The bill is where the differences stopped. “There’s not a lot we vote the same on, but when it comes to kids, she just has such a passion for protecting them. There’s no other thing that should be more bipartisan than protecting babies from getting sexually assaulted by adults,” Bradley said.
English raised five kids. “I have 11 grandchildren and one on the way,” English said. “And shame on you if you violate any one of them. The police should get to them before I get to them.”

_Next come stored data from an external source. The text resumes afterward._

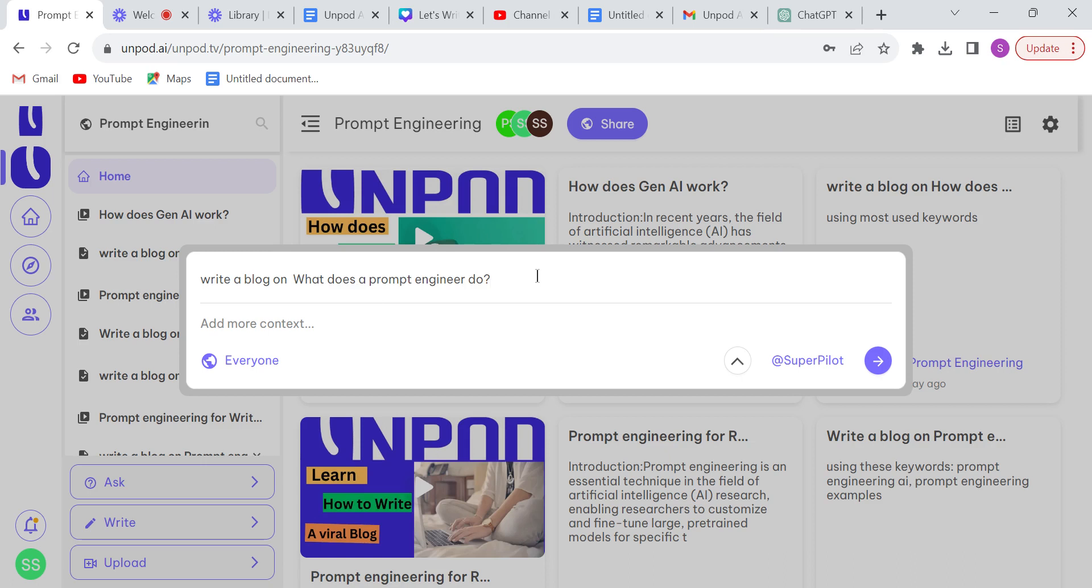The topic is what does a prompt engineer do. So we want Unpod Pilot to use some keywords, so we will provide some keywords. Let me write here.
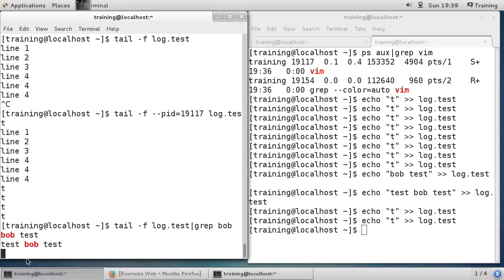If you're on a server that's fairly active you could be getting content flicking across too fast to read, but by filtering on only what you're interested in it becomes much more usable. That's pretty much everything I wanted to cover with the tail command, and I'll end the video there.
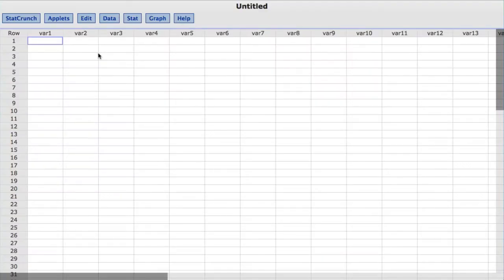In this video, you will learn to compute confidence intervals for the difference between two proportions with summary data using StatCrunch.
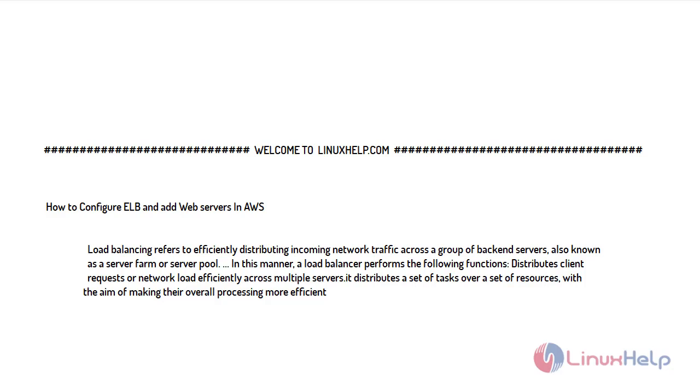Welcome to linuxhelp.com. For today's topic, I will show you how to configure ELB elastic load balancer and add web servers in AWS Amazon Web Service. Load balancing refers to efficiently distributing incoming network traffic across a group of backend servers, also known as a server farm or server pool.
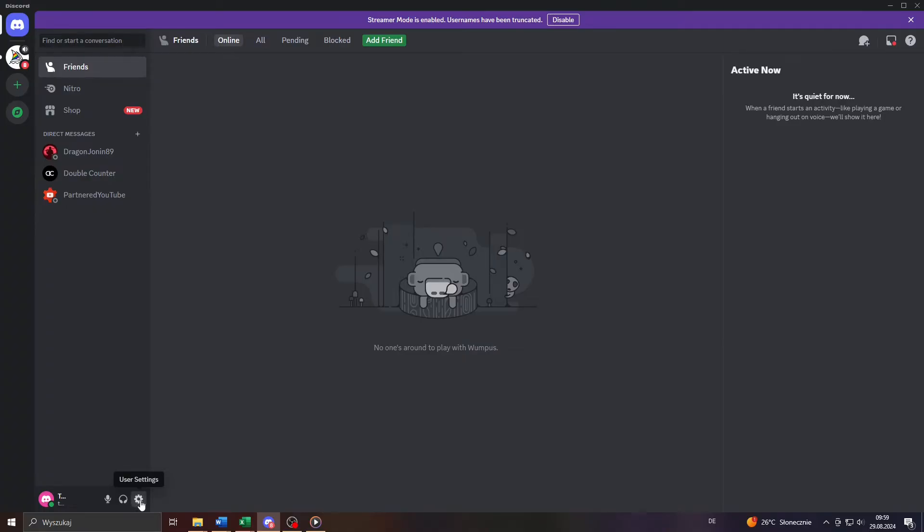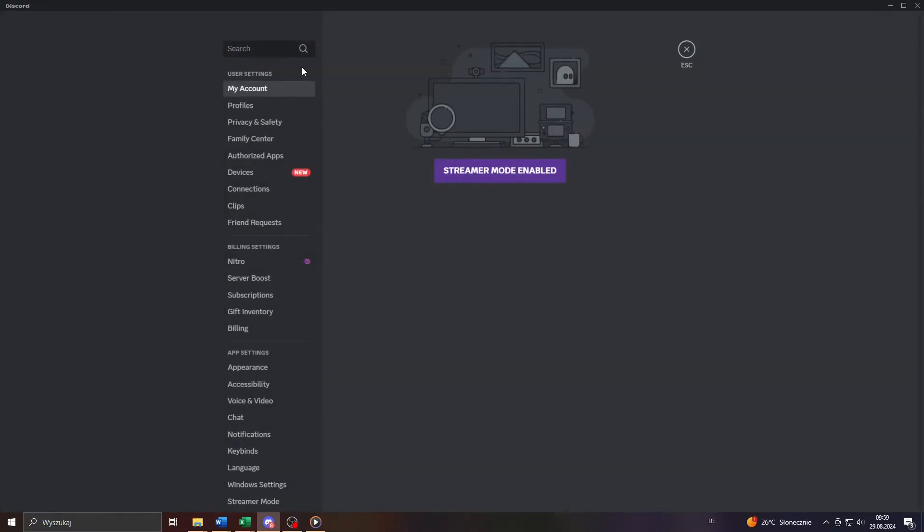And once you're inside, click on that gear icon here in the bottom left corner. That will take you to your account's user settings.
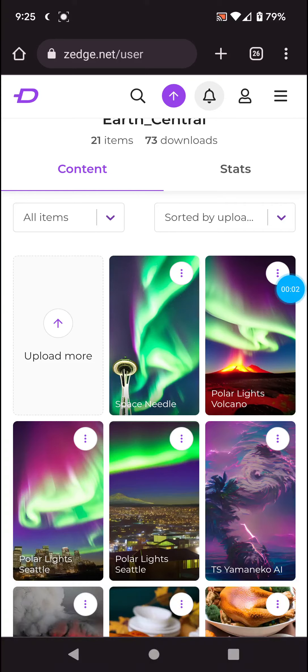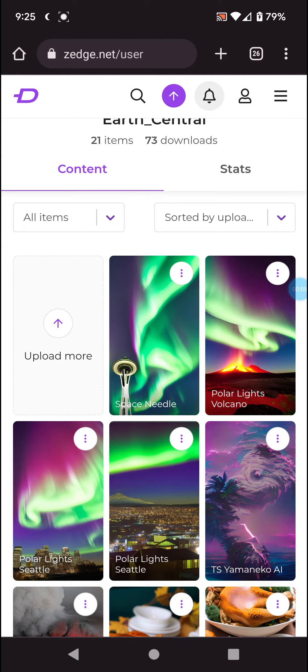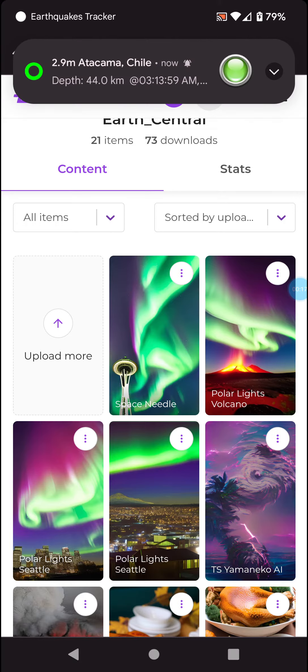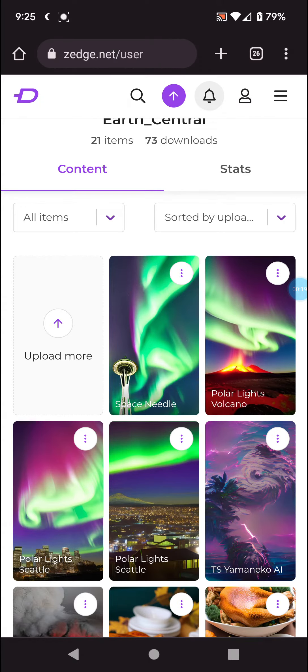Welcome back. Did release like another four rounds of wallpapers with Zedge, and basically the polar lights line got two with Seattle, one specifically with a Space Needle, and then polar lights with an erupting volcano. Now speaking...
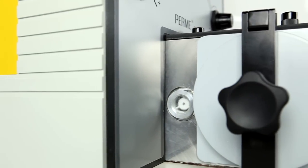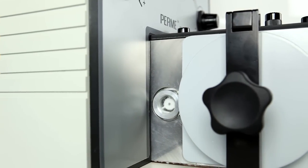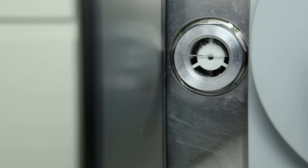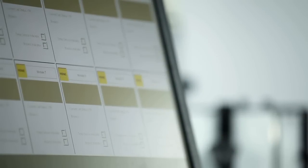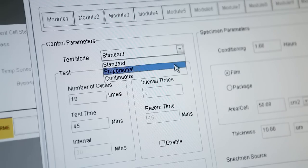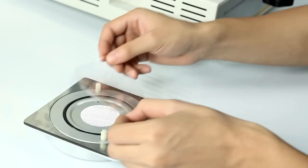OX2230's constant temperature and humidity control function, proportional, continuous and standard testing modes, minimizes errors caused by human factors during the testing process.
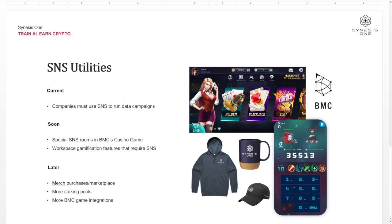There are currently SNS staking pools that are live at staking.synesis.one. These provide a pretty good APY. We're also brainstorming builder and validator only staking pools that we can launch in the future — staking pools for SNS that are not available to the public, but only to our digital workers. And as BMC launches more games, there will be more SNS integrations across the different games that we launch.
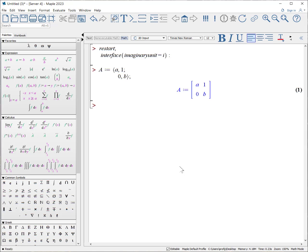For this worksheet, I'm going to change the interface of the imaginary unit to i because I prefer it as a physicist instead of capital I. Let's have a matrix here.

She doesn’t soften her case. “Taking probation off the table is not a lot to ask, especially for this particular crime,” English said. “They have just served a child a lifetime sentence for violating them in a way where they can’t protect themselves. Shame on us for not protecting them if this bill doesn’t pass.”
What it would cost
The fiscal note puts the bill’s cost at $3.5 million per year starting in FY 2027-28—about 56 additional offenders per year going to prison instead of probation. Opponents have leaned on that number. Bradley has heard it.
“We just spent 104 million on pregnant people on Medicaid,” she said, pointing to the Cover All Coloradans program that ballooned to more than six times its projected cost. “We pay for men to look like women through taxpayer funds. We have the money. Put these child rapists in jail. Stop gaslighting the people of Colorado.”
Rich framed it in moral terms, pointing to a line she said captures the imbalance. “Mercy is to the guilty, but cruelty to the innocent,” she said. “A child is going to live with this for the rest of their lives. They’ll never be the same.”
The next test
She heads into Senate Judiciary today without Democratic support. Rich is going in without Democratic Senate support, up against the same committee dynamics that ended the bill before.
Bradley thinks if this bill ever reached the full House floor, it would pass. It has never gotten there.
“It’s these Democrats in charge of Judiciary that are the gatekeepers of getting this out,” she said. “The governor can sue Trump 50 times but he can’t make his way down here to protect the children of Colorado.”
English has been through this before. “This is one crime that we don’t need to be politicking about,” she said. “We need to send a strong message not only to the perpetrators, but the kids of Colorado — that we see them and we hear them.”
“If it fails, nothing changes,” Rich said. “The perpetrators still walk. The children still suffer. But if it passes, we’re giving these kids hope that we care about them and that we see them and they matter.”
“People have got to get off their couches and testify,” Bradley said. “They can come in person, testify remotely or send emails. Everyone knows somebody who’s been victimized. Those are the people we’re fighting for.”